> **Problem statement**
Would you copy the listing below exactly, keeping the pictures out?

> **Available data**
Start of Block

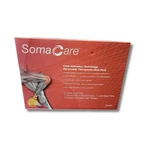 New Soma Care Heat Therapy Sport Pack Circulation Boost Reusable 6 Sealed. Fixed Price $18.99.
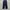 Workpant Dickies 874 Darknavy photo 4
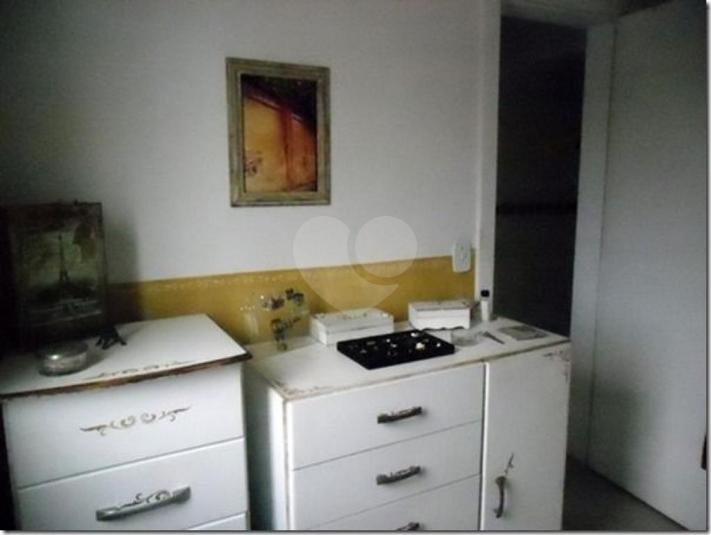 Venda Apartamento São Paulo Vila Andrade REO32689 24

End of Block

> **Task result**
 New Soma Care Heat Therapy Sport Pack Circulation Boost Reusable 6 Sealed. Fixed Price $18.99.
 Workpant Dickies 874 Darknavy photo 4
 Venda Apartamento São Paulo Vila Andrade REO32689 24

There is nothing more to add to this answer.